Tuesday, November 05, 2013

The Box is Full

In my addictions counseling skills class, my prof had us do an activity that he has used in the past with his clients. This would be something you could assign as 'homework' for any client, but he worked with people who were recovering from a substance addiction.
You take a CD case with that little insert in the front and you draw an album cover and name the album. Then you make a list of songs that describe your life. If you wanna go the extra mile, you can put those songs on a blank disc in the case. 

Our prof had us do this experiment and I had a blast. That class is not always super fun but to be fair, two times a month I have a play therapy seminar after that class in which we make super hero capes out of plastic table cloths and make up a superhero name or cut yarn for little stress balls made from balloons filled with sand. So yeah, tough to compete. I really enjoyed that exercise. 

I titled my album "The Box is Full" and I drew a bin with a face on it with chaos coming out and stuff going in. At any one time, there's a lot going on. As soon as assignments are finished, more are assigned. As soon as I check something off, more things get added to my to do list. It some ways it's fun, like "hey how much can I be ahead of the game and get stuff done" and in some ways it's terrifying, world ending, "oh my gosh there's too many things and it's never ending and woah" and in some ways it's like "aww man, can't I just watch a movie and eat candy and not work so hard?" I try to choose that first way of thinking about it. 

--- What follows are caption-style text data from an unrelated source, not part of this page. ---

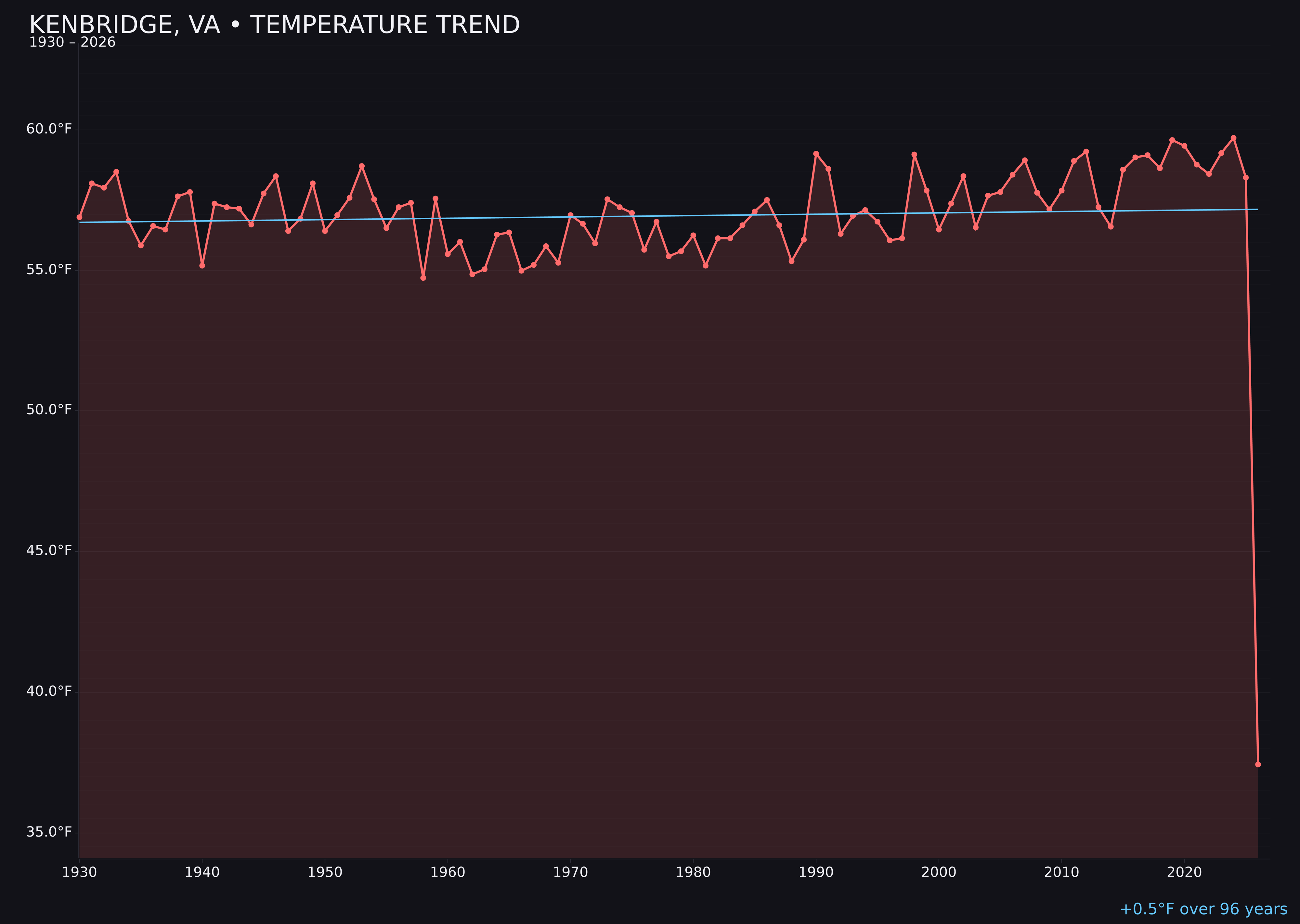 Temperature trend chart for Kenbridge, Virginia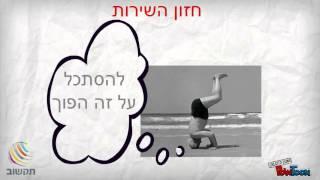 מוקד זימון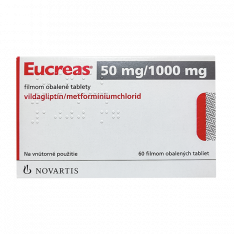 Эукреас (Eucreas) 50мг+1000мг таблетки №60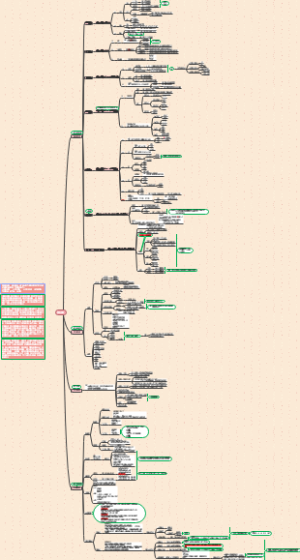 公务员国考、省考行测判断推理模块思维导图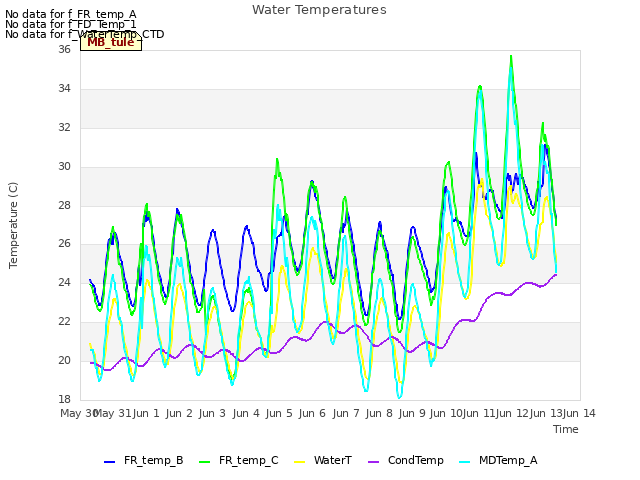 plot of Water Temperatures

This semester is weird because Thanksgiving is late or other stuff is early? I don't know. But what I do know is that Thanksgiving break starts in like 21 days and when we come back from that, there are only 8 days left and 3 of those are finals. WHAT in the world that's nuts. There really is a lot to get done, and sometimes I do want to sit around and do nothing. To prevent that, I have reminders on my phone, digital stickie notes with my whole day planned out including times that things occur and asterisked items that are 'must do' agenda items, and a crazy list of things to do in a composition notebook that I adopted as a planner. 

I know it will all get done. What I fear is how many hours it will all take versus how much time do I have to give to each assignment and how much time am I willing to give it and how much time will I give it. Those sound the same but they are very different things. Also, things like reading my Bible, sleeping, eating, showering, talking to family, talking to friends, talking to Andrew, and like, taking care of me and doing nice stuff for me (once a week hot breakfast is on the docket because yum, and a Blackhawks game if I can catch it) all has to fit in there somewhere. 

I thank God for bringing me to college, gifting me with the smarts, and keeping the sickness away from me right now because handling all that business plus a runny nose is not fun.  It is a LOT, but I'm so grateful because He is good and He cares for me and watches out for me. Our God is an awesome God!